But then the film remembers it has a story to tell. It soon becomes clear that the merchandise in question is a gun, which 'D' has stolen from the estate's number one drugs baron, Hoodwink. This is, of course, a man who makes Begbie from Trainspotting look like Brian Sewell and Serkis's performance, while scarily entertaining, is not one of subtly-shaded nuance. His opening appearance, padding down the corridor of his flat stark naked (except for a parlour's worth of tattoos) to ritually shave his head then plunge his face into a sink full of ice-cold water with a cathartic scream, sets the tone. His bull-necked, Buddhist-chanting, Ulster-accented fruit loop dominates the film from here on in - which means, alas, that it too ends up seriously unbalanced.
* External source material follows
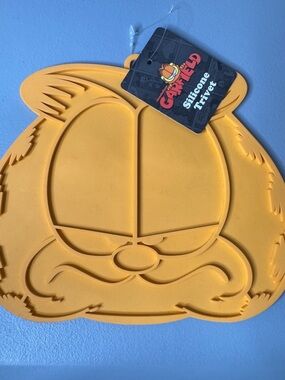 Garfield cat Silicone Trivet - Bright Yellow Cartoon Face novelty cooking kitche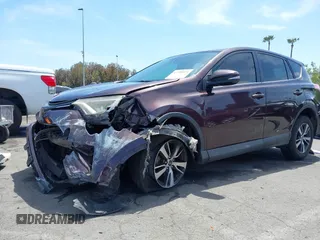 2018 Toyota RAV4 XLE z VIN 2T3WFREV2JW468231, wystawiony jako IAAI lot #42288978 z przebiegiem 109 779 mil mil oraz . Historia ofert i sprzedaży dostępna na DreamBid. Obrazek 18.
As soon as he realises the gun's missing he's off on a machete-wielding, wall-punching rampage, despite his pregnant girlfriend's exhortations to "find your focus". And what could have been an intriguing two-hander about a collision (the original title of Leyton's play) between two characters with entirely different backgrounds and personalities becomes a sub-Shallow Grave 'nightmare journey'; thum-thump music in the background, swearing and smashed heads very much in the foreground.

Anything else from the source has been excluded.